United States District Court, Eighth Circuit

May 9, 2013

DON A. LANGFORD, Defendant.


JOSEPH F. BATAILLON, District Judge.

This matter is before the court on the defendant's motion to dismiss for failure to state a claim, Filing No. 16. This is an enforcement action brought by the Securities and Exchange Commission ("SEC") for securities violations under the Securities Exchange Act of 1934 (the "Exchange Act"), 15 U.S.C. § 78a et seq. In the complaint, the SEC alleges that defendant Don A. Langford, former chief credit officer and a senior vice-president at TierOne Bank, performed a number of deceptive acts in order to further a scheme to defraud investors.[1]


The facts alleged in the SEC's complaint involve the receivership and eventual closure of TierOne Bank (hereinafter referred to as "TierOne" or "the Bank") in Omaha, Nebraska. In a detailed 30-page complaint, the SEC alleges that, as the chief credit officer and a senior vice-president, Langford played a dominant role in a scheme to hide millions of dollars of loan losses from the Bank's regulators, auditors and the investing public. Specifically, the SEC alleges that the defendant participated in a scheme to defraud; aided and abetted TierOne's fraud; violated various books, records, and reporting requirements; deceived TierOne's auditors; and aided and abetted TierOne's false SEC filings and false books and records.

TierOne Bank had traditionally been a thrift bank focused on residential and agricultural loans in Nebraska, Iowa and Kansas. Filing No. 1, Complaint at 1. Beginning in about 2004, the Bank expanded beyond its traditional borders and began making riskier loans to real estate developers in Las Vegas, Florida and Arizona. Id. When real estate prices plummeted in 2008, many of the loans had faltered or were faltering. Id. at 5. In June 2008, the Office of Thrift Supervision ("OTS") conducted a periodic examination of TierOne and reported significant concerns with the Bank's management and financial condition. Id. at 5. As a result, the OTS directed TierOne to maintain higher capital ratios. Id. The SEC alleges that Langford and other senior executives then began a scheme to manipulate and materially understate TierOne's losses. Id. at 2, 6.
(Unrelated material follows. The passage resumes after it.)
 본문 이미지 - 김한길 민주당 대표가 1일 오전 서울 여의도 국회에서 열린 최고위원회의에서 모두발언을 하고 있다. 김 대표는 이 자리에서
The SEC alleges that TierOne was required to report losses on loans if the value of the underlying collateral (i.e., the underlying real estate project) dropped below the book value of the loan and to record the value of real estate repossessed by the Bank- called Other Real Estate Owned, or OREO-at the property's fair value. Id. at 2, 6-7. It alleges that declines in value generally required the Bank to report a loss. Id. at 7. Under Generally Accepted Accounting Principles ("GAAP"), TierOne was required to use all current, relevant information to value the collateral or OREO property. Id. Generally, an increase in loan or OREO losses would drive the Bank's capital ratios down, which meant TierOne would be closer to falling below the OTS-mandated levels. Id. at 6. The SEC alleges that TierOne's management, including Langford, "intentionally delayed the process of obtaining current appraisals for properties that had declined in value, relying instead on inaccurate data and assumptions." Id. at 7.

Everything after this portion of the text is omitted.